Problem to solve: In the entries below, find the line with "Fluffers, Inc. Fluffers, Inc." and the line with "Occhiale da sole", then retype both and everything between them exactly. Do not copy the pictures.

Supplied data:
· · · ·
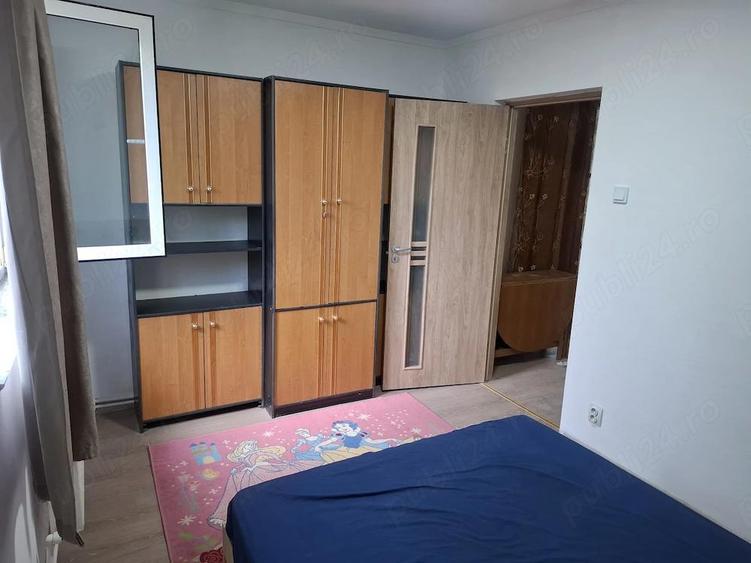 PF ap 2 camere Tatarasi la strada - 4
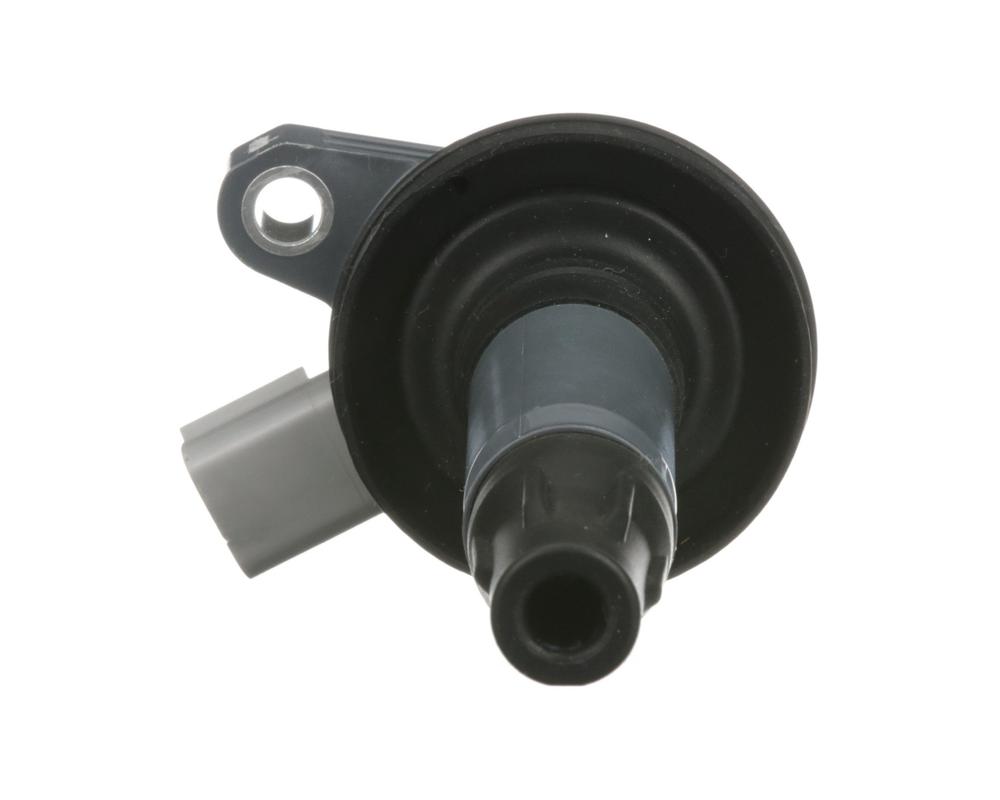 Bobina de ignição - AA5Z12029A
· · · ·
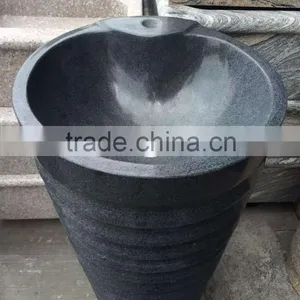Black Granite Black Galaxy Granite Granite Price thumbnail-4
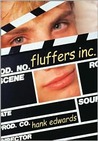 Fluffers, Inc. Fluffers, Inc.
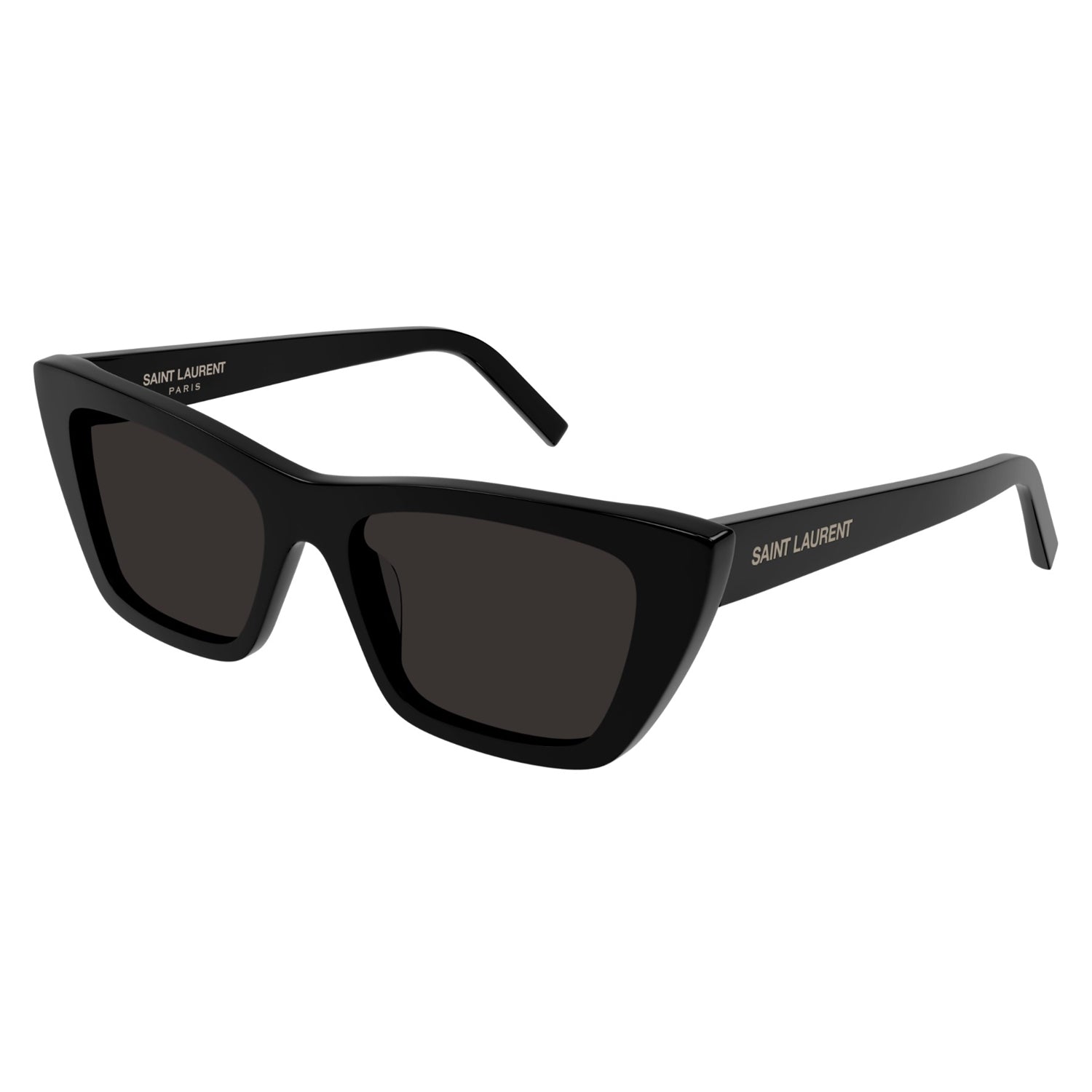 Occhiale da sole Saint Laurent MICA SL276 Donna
· · · ·
The completed task:
 Fluffers, Inc. Fluffers, Inc.
 Occhiale da sole Saint Laurent MICA SL276 Donna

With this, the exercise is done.